Chardonnay and Cabernet considered at Winethropology:


Smith-Madrone, King and Queen

If cabernet is king in Napa, certainly chardonnay is the queen.  A sample bottle of each from Spring Mountain stalwart Smith-Madrone arrived recently for review.  I’ve very much enjoyed past vintages and other bottlings from this family-run operation. Though many wineries in Napa Valley remain small and family-owned, few can claim what Smith-Madrone does: 100% dry farmed estate wines.  This is no small feat and absolutely impacts what comes into the cellar.  For those who can pull it off – and pull it off well – the resulting wines ooze authenticity.

A year ago I had the pleasure of reviewing the 13 and 14 cab and chard respectively.  These two below are from the 14 and 15 vintages.  The 2014 and 15 chardonnays are very similar stylistically, while the the 2013 and 14 cabernets exhibit clear vintage contrasts.  Regardless, these remain wines faithful to a certain place, a place worth making a visit to next time you’re in the neighborhood.
2015 Smith-Madrone Chardonnay Spring Mountain Napa Valley $34
Majestic. High quality chardonnay in the classic California style. Intense tropical flavors with glycerine, heavy cream, and solid oak framing. Unapologetically statuesque, bold, and lingering, yet cleanly pressed and bearing all the hallmarks of quality winemaking; nary a stitch out of place. Can be (and best) enjoyed at cellar temperature to appreciate its full profundity.

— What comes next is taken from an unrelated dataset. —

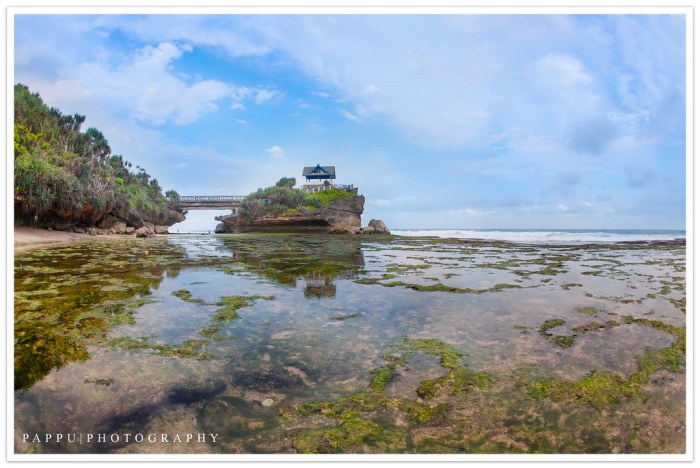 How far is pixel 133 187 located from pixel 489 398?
173 ft

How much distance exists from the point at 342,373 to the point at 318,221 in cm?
5002

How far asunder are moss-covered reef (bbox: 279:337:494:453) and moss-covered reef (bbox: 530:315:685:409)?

2014 Smith-Madrone Cabernet Sauvignon Spring Mountain Napa Valley $52
Oh, lord, the luxurious aromatics coming off this alone are enough to incite instant infatuation. Deep, beckoning black fruit invites more sniffing for those with the patience to not just dive in. The attack, however, sits juxtaposed with its blue-green fruit/vegetable profile and a restraint that is in contrast to the nose. Prominent acidity, combined with its old school cabernet fruit elements suggest longevity. Even after seven hours decanted, drinking this feels like infanticide. Would love to revisit this one in a decade. And then again in another.